We can, and almost always do, make moral choices without having to determine the nature of our existence and how we know that we know what we know that we know. We seem to use a process analogous to Rom 2:15, a combination of emotion and rational thought.
My argument is this: If we take a contentious moral issue such as the homosexual act or artificial contraception and look at how it is debated, for example here on CAF, no one takes a blind bit of notice about the chapter and verse wheeled out by the other side. Debaters will also try for absolutes from tradition on one side and science on the other. Again, none of it changes hearts and minds. It turns out that no one can point to a truth written on everyone’s hearts. We all have principles to live by but in the real world moral absolutes seem at best superfluous to the way we make personal moral decisions, and at worse can be dangerous if we put our own beliefs (in science, philosophy or religion) before the welfare of our fellow man.
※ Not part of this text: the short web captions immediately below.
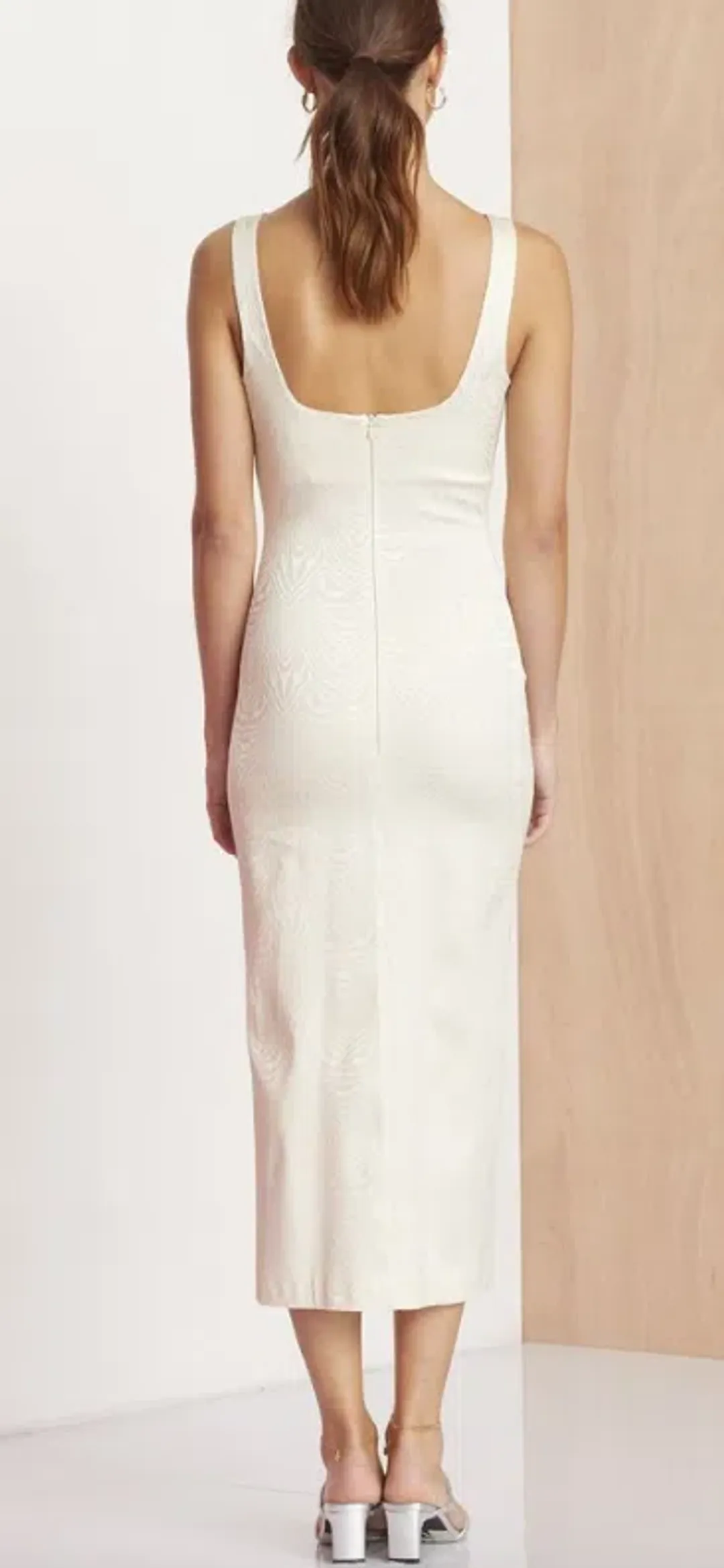 Bec & Bridge Zebra Midi Dress Vanilla Size 12 AU for rent on The Volte - main image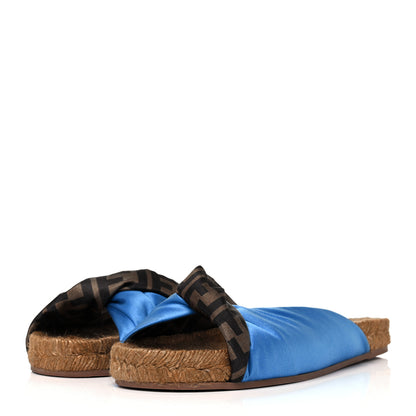 Fendi Satin FF Twist Espadrille Slide Sandals 41 Antigua Tobacco Black 3 of 7
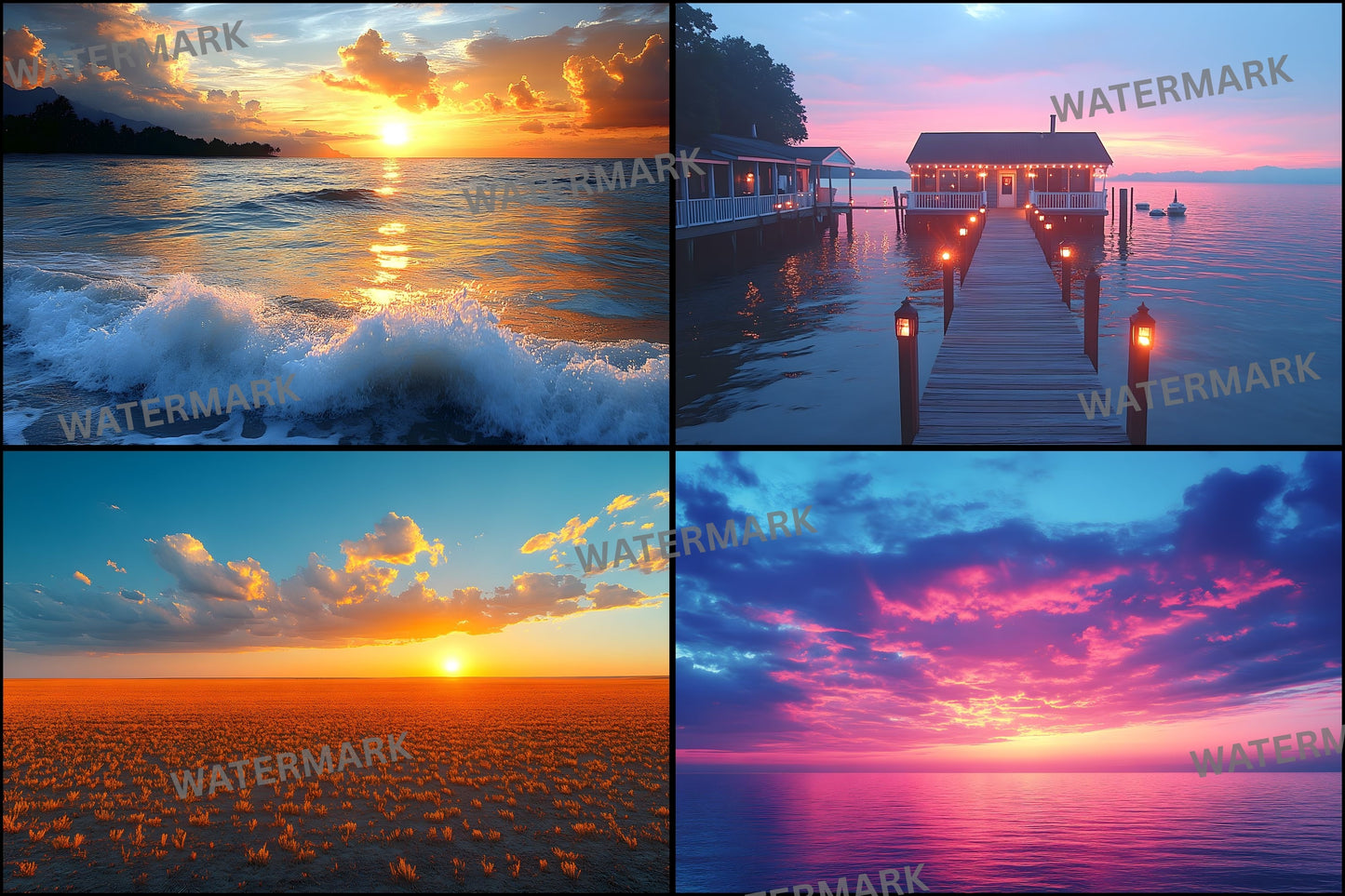 Sunset Photography Backdrop Bundle, Dreamy Sky Digital Backgrounds for Photographers, Golden Hour Photo Overlays, Ratios, High-Res Images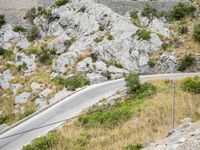 Aerial View of Coastal Road in Spain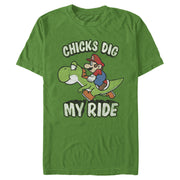 Men's Nintendo Mario Chicks Dig Ride  Adult T-Shirt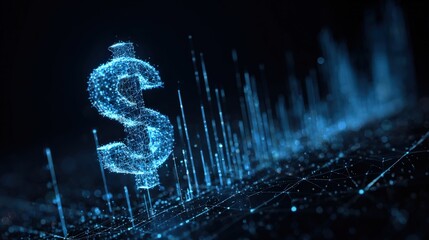 An illuminated dollar sign amidst a dynamic digital landscape, illustrating the concepts of financial technology and the global economy. ..Created with Generative AI, not depicting real subjects.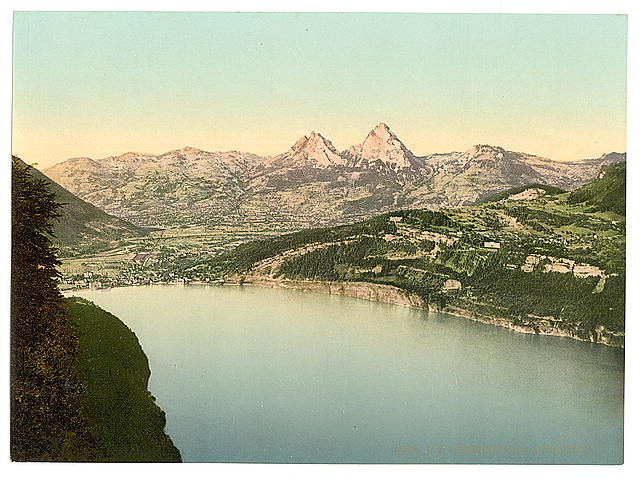 Brunnen and the Axenstein Lake Lucerne Vintage A4 Photo Print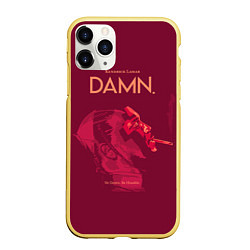 Чехол iPhone 11 Pro матовый Damn: Sin down be humble, цвет: 3D-желтый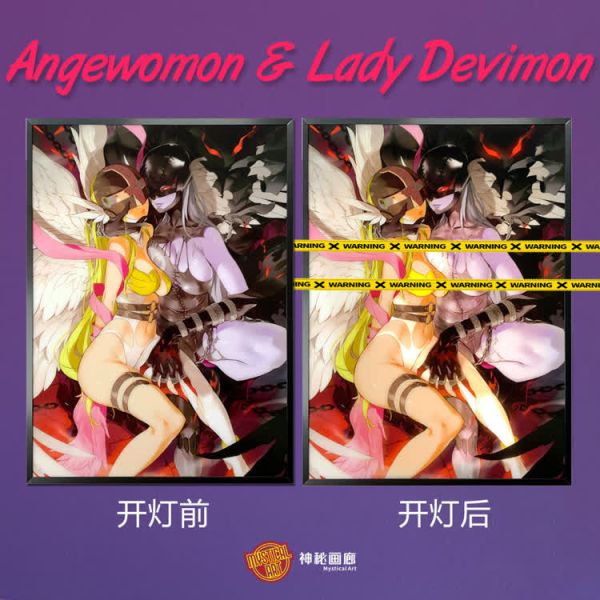 【海外代購】神秘畫廊 黑科技光導天女獸VS女惡魔獸 裝飾畫 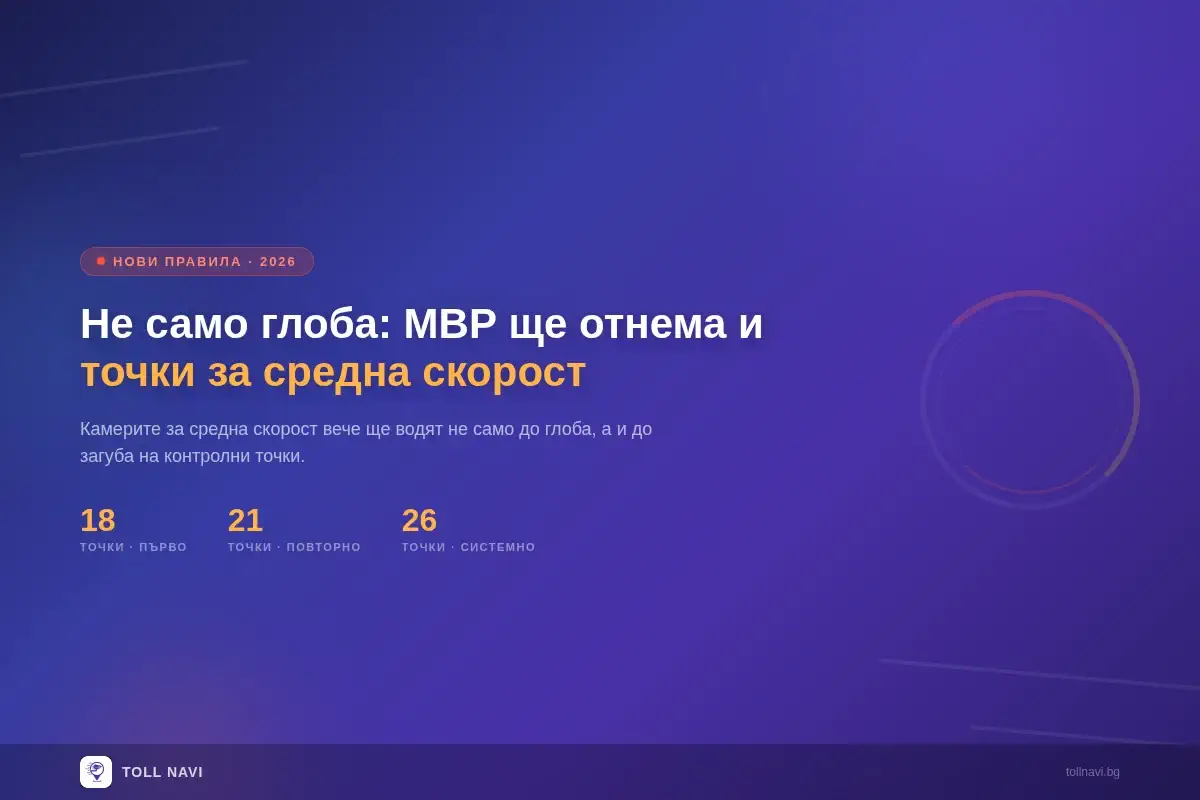 Нови правила на МВР за отнемане на контролни точки при превишена средна скорост — 18, 21 и 26 точки според тежестта на нарушението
Do you, or do you not agree that there are something in this world that you consider like the Principle of Contradiction, the Empirical method, that Other Minds and Persons exists as TRUE objectively? Now that is from human experience. You might have misunderstood the term “human experience” as observation. That is incorrect.
My argument is that Morality is such a truth that is from human experience. Now what is your counter argument?
As for truths written in all our hearts, you are again talking about objectivity in the Normative sense. That is not what is meant by objective morality. What objective morality means is that regardless of whether it was written in your heart or not, whether the entire population believes it or not, some actions are MORAL and others are IMMORAL. You do not seem to have understood this according to what you have written above.